Participants in the Solicitation
Viking, Camber and certain of their respective
directors and executive officers may be deemed to be participants in the solicitation of proxies from the respective stockholders
of Viking and Camber in respect of the proposed merger under the rules of the SEC. Information about Viking’s directors and
executive officers is available in Viking’s Annual Report on Form 10-K for the year ended December 31, 2018. Information
about Camber’s directors and executive officers is available in Camber’s Annual Report on Form 10-K for the year ended
March 31, 2019 and its definitive proxy statement for its 2020 Annual Meeting of Stockholders. Other information regarding the
participants in the proxy solicitation and a description of their direct and indirect interests, by security holdings or otherwise,
will be contained in the joint proxy statement/prospectus and other relevant materials to be filed with the SEC regarding the merger
when they become available. Investors should read the joint proxy statement/prospectus carefully when it becomes available before
making any voting or investment decisions.
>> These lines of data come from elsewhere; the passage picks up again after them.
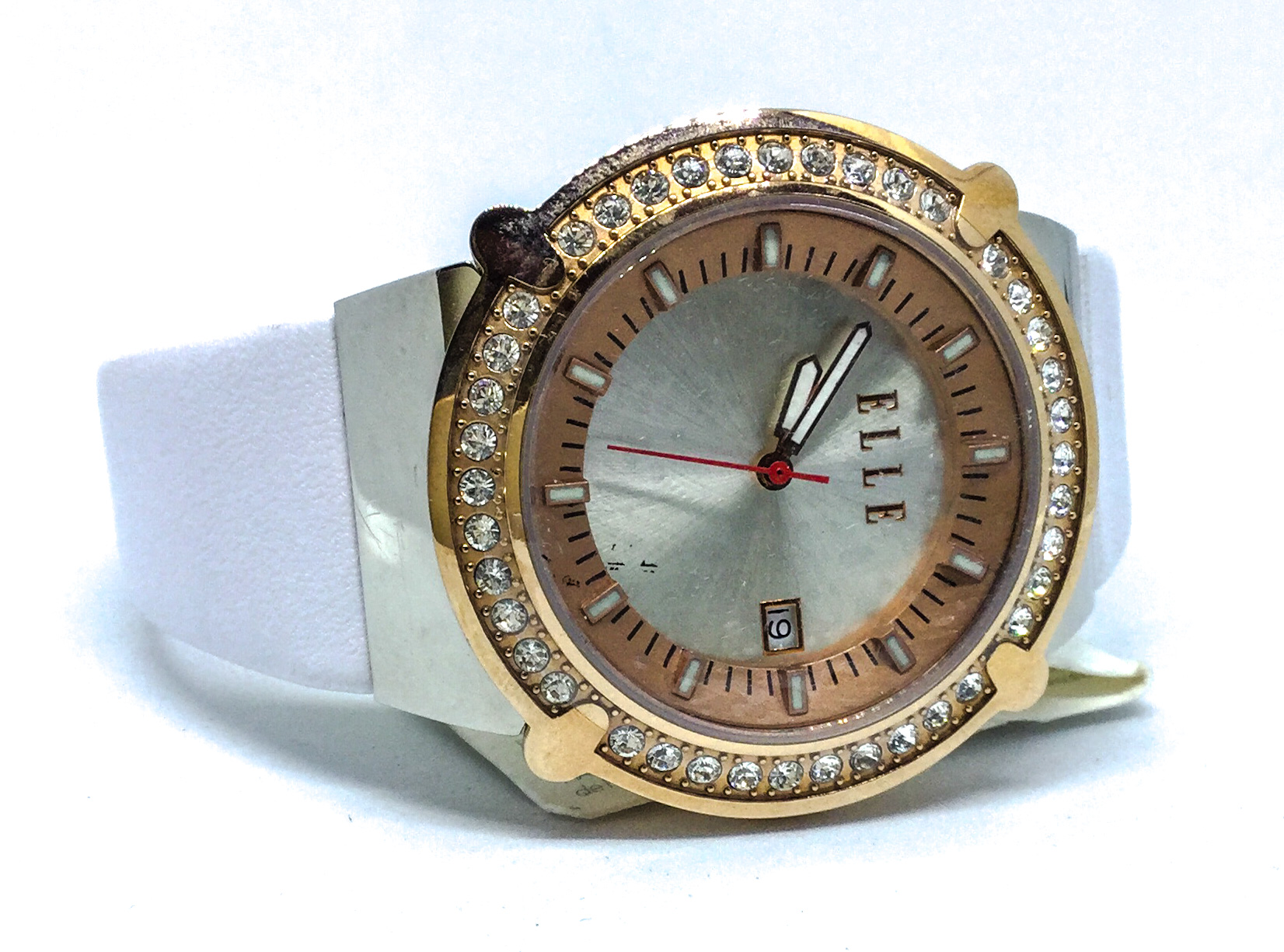 Montre femme, stainless, bracelet cuir, cadran entouré de pierres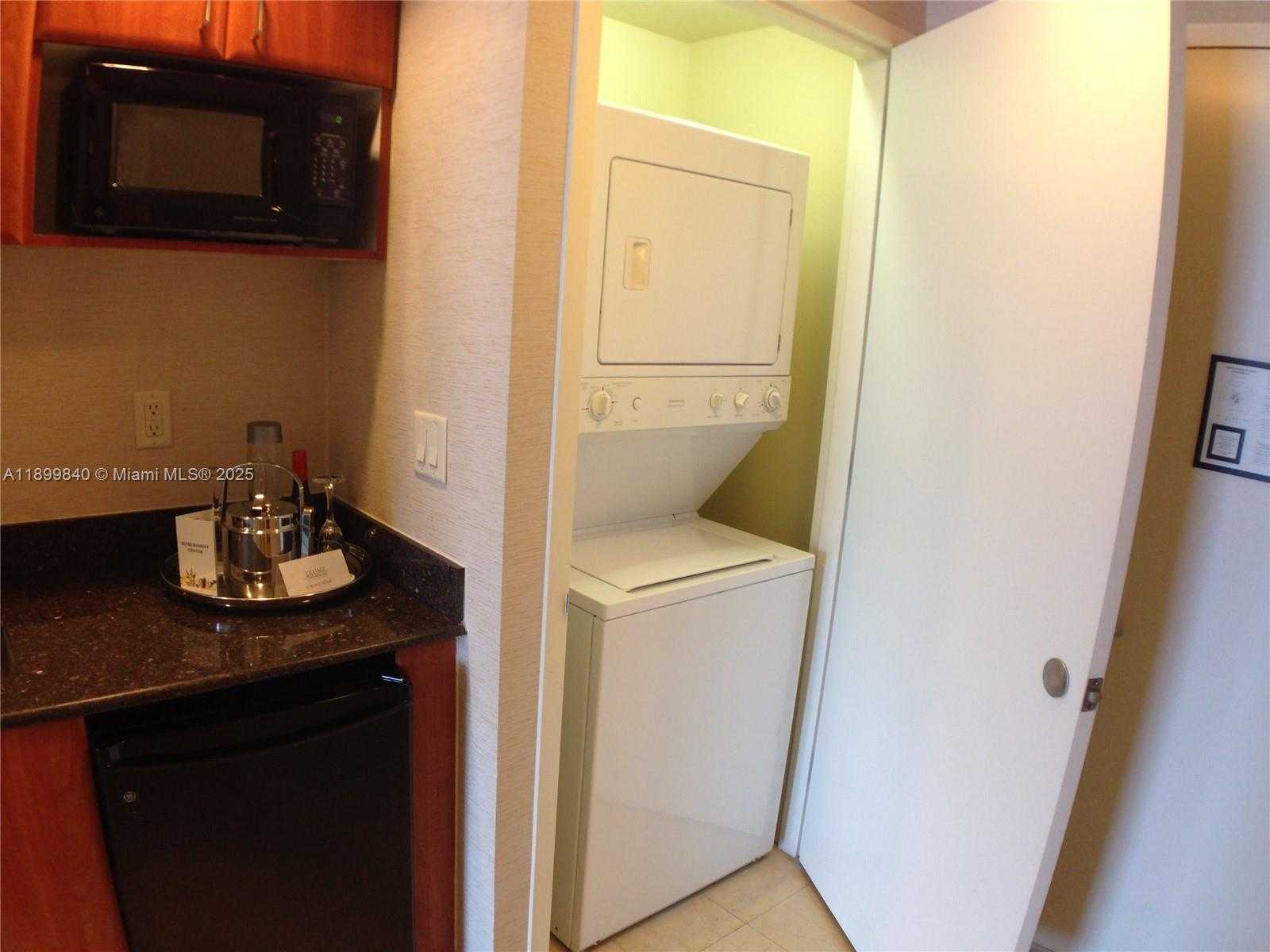 Small Image of 18001 COLLINS AVE #1407, Sunny Isles Beach Number 6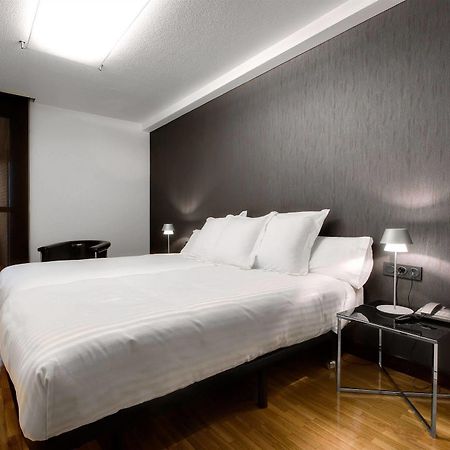 Apartamentos Mendebaldea Suites Pamplona Oda fotoğraf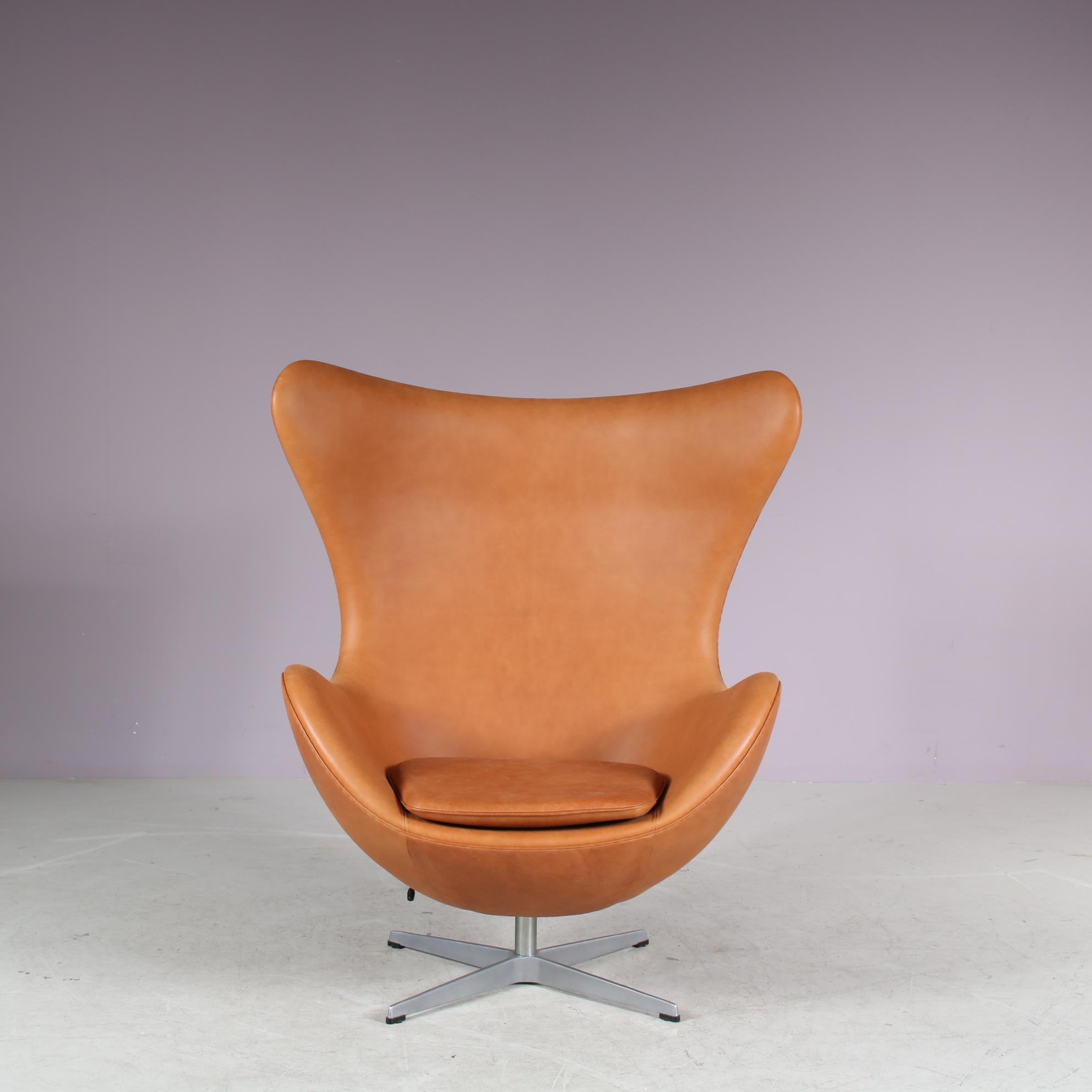 A beautiful “Egg” chair designed by Arne Jacobsen, manufactured by Fritz Hansen in Denmark around 1980.

This eye-catching piece has a chrome plated metal  swivel crossbase. The rounded design of the seat gives it a very nice appeal as well as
You may obtain free copies of these documents from Viking or Camber using the sources
indicated above.
No Offer or Solicitation
This communication shall not constitute
an offer to sell or the solicitation of an offer to buy any securities, nor shall there be any sale of securities, in any jurisdiction
in which such offer, solicitation or sale would be unlawful prior to registration or qualification under the securities laws of
any such jurisdiction. No offering of securities shall be made except by means of a prospectus meeting the requirements of Section 10
of the Securities Act of 1933, as amended.